#### YOUR INSTRUCTIONS:
Taking only the lines of the data below from the line with "The Phantom of the Opera постер" to the line with "Iceland Road 1", ends included, write them out exactly and without pictures.

#### INFORMATION:
★ ★ ★

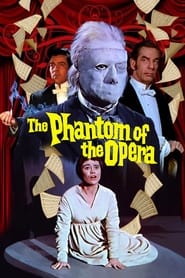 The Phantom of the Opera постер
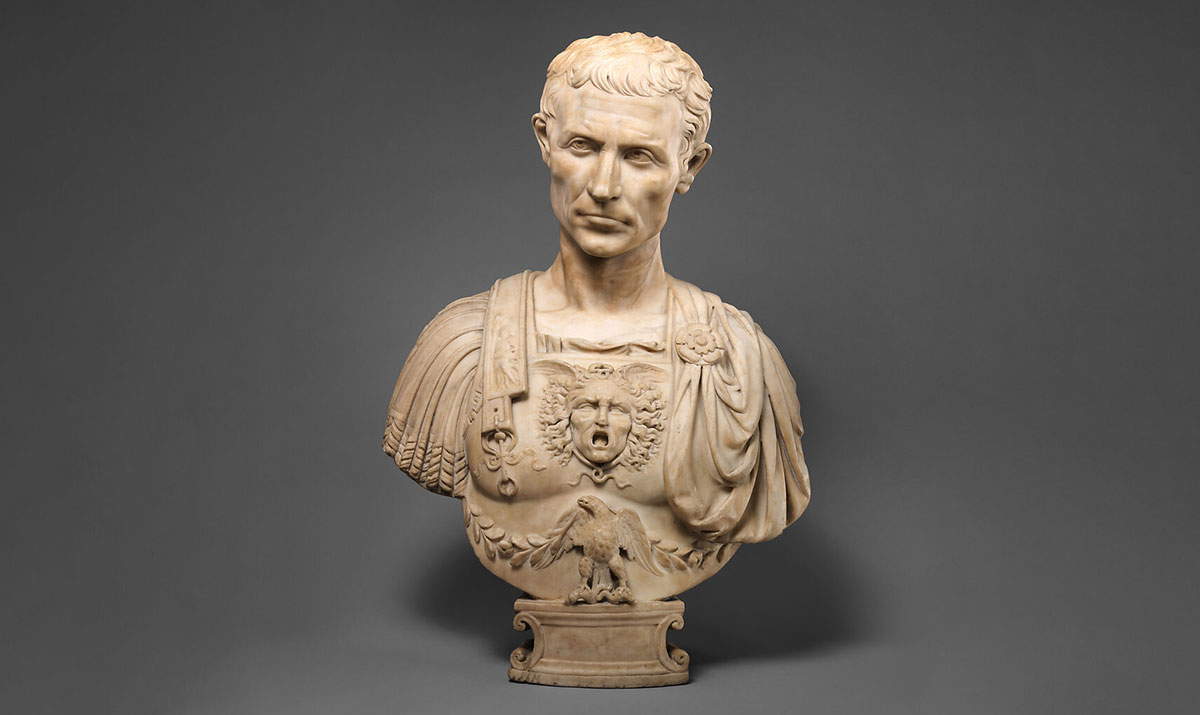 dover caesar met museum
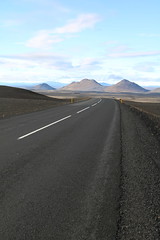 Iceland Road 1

★ ★ ★

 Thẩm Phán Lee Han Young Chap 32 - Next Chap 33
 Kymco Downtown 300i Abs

★ ★ ★

#### THE COMPLETED TASK:
 The Phantom of the Opera постер
 dover caesar met museum
 Iceland Road 1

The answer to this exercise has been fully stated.